3. Table with unordered data, using the index:

SQL Statement:
EXPLAIN PLAN FOR SELECT /*+ index( UNORDERED PK_UNORDERED ) */* 
FROM UNORDERED WHERE X BETWEEN 10000 AND 30000;

--------------------------------------------------------------------------------------------
| Id  | Operation                   | Name         | Rows  | Bytes | Cost (%CPU)| Time     |
--------------------------------------------------------------------------------------------
|   0 | SELECT STATEMENT            |              | 20002 |  1582K| 20049   (1)| 00:04:01 |
|   1 |  TABLE ACCESS BY INDEX ROWID| UNORDERED    | 20002 |  1582K| 20049   (1)| 00:04:01 |
|*  2 |   INDEX RANGE SCAN          | PK_UNORDERED | 20002 |       |    44   (0)| 00:00:01 |
--------------------------------------------------------------------------------------------


Conclusion


Execution plans displays a much higher cost when the index is used on an unordered set of data - in that particular case.
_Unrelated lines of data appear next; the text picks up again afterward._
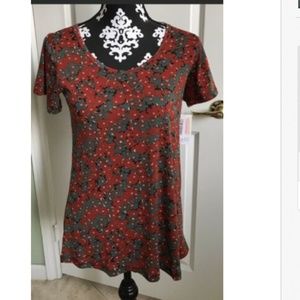 Luluroe Mistletoe Classic Tunic Top NWT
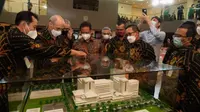 Menteri Kesehatan RI Budi Gunadi Sadikin saat acara 'The Strengthening of National Referral Hospitals and Vertical Technical Units Project' di RS Kanker Dharmais, Jakarta, Sabtu (26/3/2022). (Dok Kementerian Kesehatan RI)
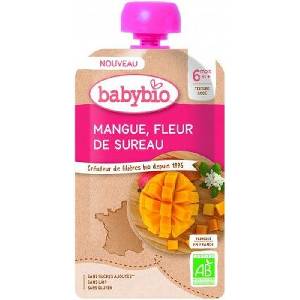 Babybio Био плодов мус Babybio - Манго с бъз, 120 g (3288131540436) - ozone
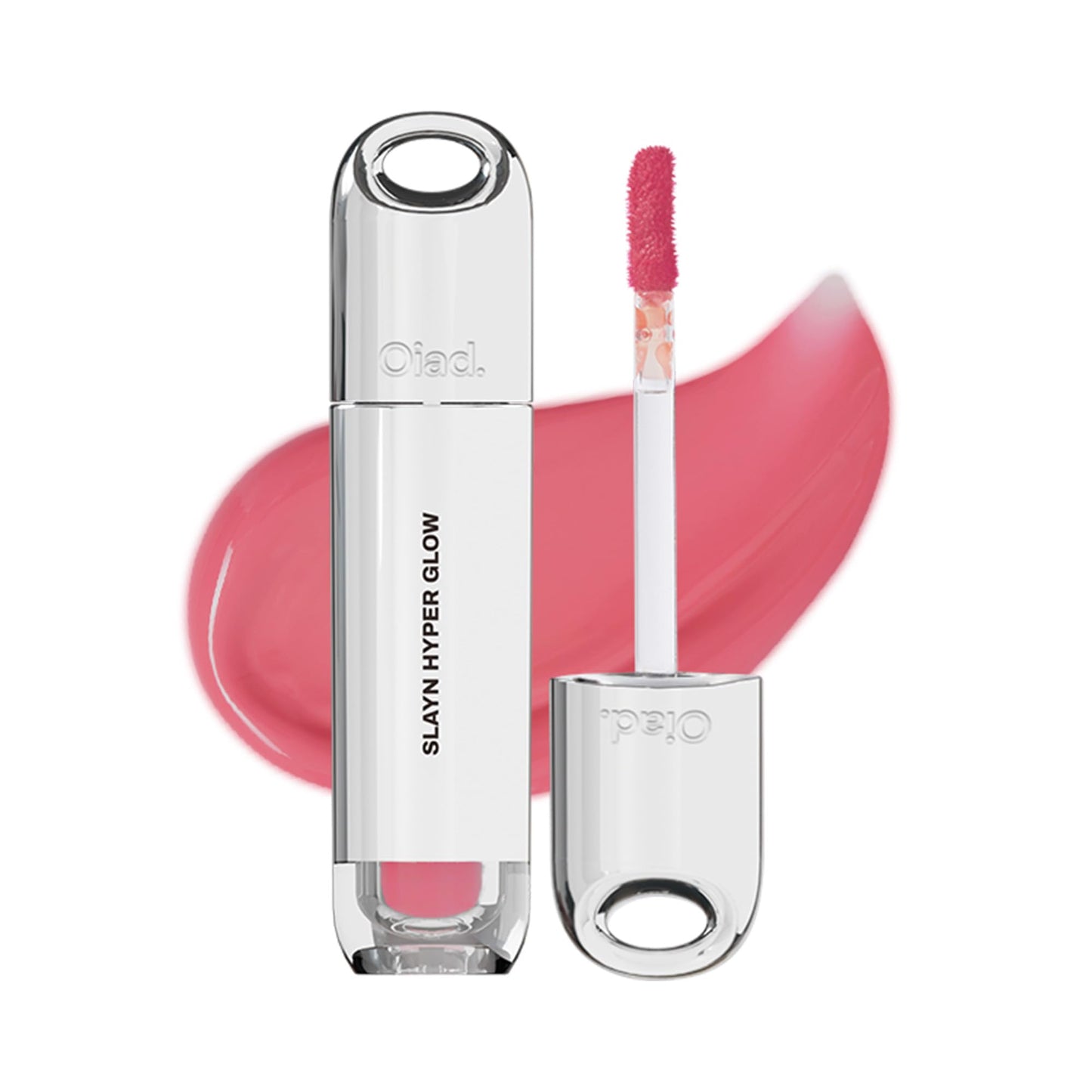Oiad Slayn Hyper Glow Lip Gloss Tint, Long-Lasting Fresh-Looking Color, Non-Sticky Glassy Shine, Curved Scoop Applicator(04 Teen)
This might be unexpected, but it shows how important physical design is. So blindly putting indexes when encountering full table scans is not always a good idea. 

Trying to change the optimizer first choice might also not be a good idea. Oddly, there's often in room a developer tempted to prevent the optimizer to  to use a full table scan. Not good.

Finally, let's also point out that maintaining an index is also bound to costs.